Agricultural Marketing Service, USDA.

ACTION:

Interim final rule with request for comments.

SUMMARY:

This rule increases the quantity of Class 3 (Native) spearmint oil produced in the Far West that handlers may purchase from, or handle for, producers during the 1999-2000 marketing year. This interim final rule increases the Native spearmint oil salable quantity by 102,311 pounds from 1,125,755 pounds to 1,228,066 pounds, and the allotment percentage by 5 percent from 55 percent to 60 percent. The Spearmint Oil Administrative Committee (Committee), the agency responsible for local administration of the marketing order for spearmint oil produced in the Far West, recommended this rule to avoid extreme fluctuations in supplies and prices and thus help to maintain stability in the Far West spearmint oil market.

DATES:

Effective on February 11, 2000 through May 31, 2000; comments received by April 10, 2000 will be considered prior to issuance of a final rule.

ADDRESSES:

Interested persons are invited to submit written comments concerning this rule. Comments must be sent to the Docket Clerk, Fruit and Vegetable Programs, AMS, USDA, room 2525-S, P.O. Box 96456, Washington, DC 20090-6456; Fax: (202) 720-5698, or E-mail: moab.docketclerk@usda.gov. All comments should reference the docket number and the date and page number of this issue of the Federal Register and will be made available for public inspection in the Office of the Docket Clerk during regular business hours.

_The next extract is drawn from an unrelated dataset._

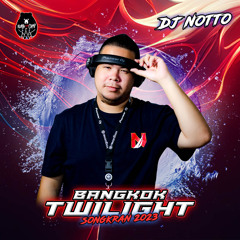 DJ NOTTOKUNG BANGKOK TWILIGHT SONGKRAN 2023 SPECIAL PODCAST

FOR FURTHER INFORMATION CONTACT:

Robert J. Curry, Northwest Marketing Field Office, Marketing Order Administration Branch, Fruit and Vegetable Programs, AMS, USDA, 1220 SW Third Avenue, room 369, Portland, Oregon 97204-2807; telephone: (503) 326-2724, Fax: (503) 326-7440; or George Kelhart, Technical Advisor, Marketing Order Administration Branch, Fruit and Vegetable Programs, AMS, USDA, room 2525-S, P.O. Box 96456, Washington, DC 20090-6456; telephone: (202) 720-2491, Fax: (202) 720-5698.

Small businesses may request information on complying with this regulation by contacting Jay Guerber, Marketing Order Administration Branch, Fruit and Vegetable Programs, AMS, USDA, room 2525-S, P.O. Box 96456, Washington, DC 20090-6456; telephone (202) 720-2491; Fax: (202) 720-5698, or E-mail: Jay.Guerber@usda.gov.

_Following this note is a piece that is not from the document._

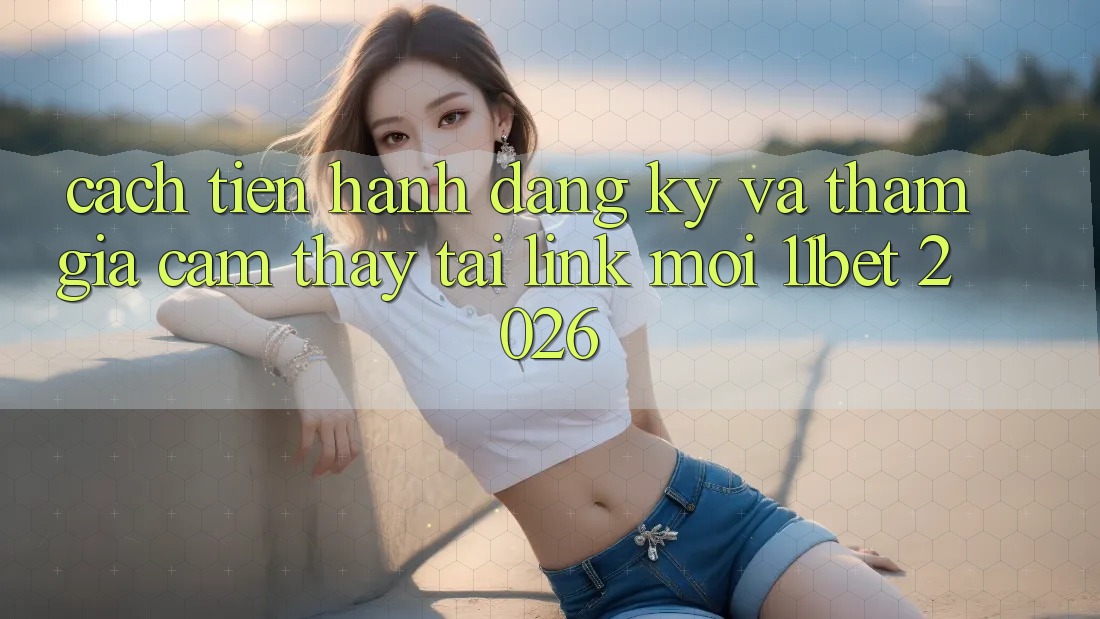 Cách tiến hành Đăng Ký Và Tham Gia Cảm thấy Tại Link Mới 11bet 2026 Cách tiến hành Đăng Ký Và Tham Gia Cảm thấy Tại Link Mới 11bet 2026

SUPPLEMENTARY INFORMATION:

This rule is issued under Marketing Order No. 985 (7 CFR Part 985), regulating the handling of spearmint oil produced in the Far West (Washington, Idaho, Oregon, and designated parts of Nevada, and Utah), hereinafter referred to as the “order.” This order is effective under the Agricultural Marketing Agreement Act of 1937, as amended (7 U.S.C. 601-674), hereinafter referred to as the “Act.”

The Department of Agriculture (Department) is issuing this rule in conformance with Executive Order 12866.

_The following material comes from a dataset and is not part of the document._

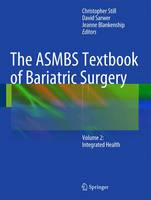 ASMBS Textbook of Bariatric Surgery, The: Volume 2: Integrated Health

This rule has been reviewed under Executive Order 12988, Civil Justice Reform. Under the provisions of the marketing order now in effect, salable quantities and allotment percentages may be established for classes of spearmint oil produced in the Far West. This rule increases the quantity of Native spearmint oil produced in the Far West that may be purchased from or handled for producers by handlers during the 1999-2000 marketing year, which ends on May 31, 2000. This rule will not preempt any State or local laws, regulations, or policies, unless they present an irreconcilable conflict with this rule.

The Act provides that administrative proceedings must be exhausted before parties may file suit in court. Under section 608c(15)(A) of the Act, any handler subject to an order may file with the Secretary a petition stating that the order, any provision of the order, or any obligation imposed in connection with the order is not in accordance with law and request a modification of the order or to be exempted therefrom. A handler is afforded the opportunity for a hearing on the petition. After the hearing the Secretary would rule on the petition. The Act provides that the district court of the United States in any district in which the handler is an inhabitant, or has his or her principal place of business, has jurisdiction to review the Secretary's ruling on the petition, provided an action is filed not later than 20 days after the date of the entry of the ruling.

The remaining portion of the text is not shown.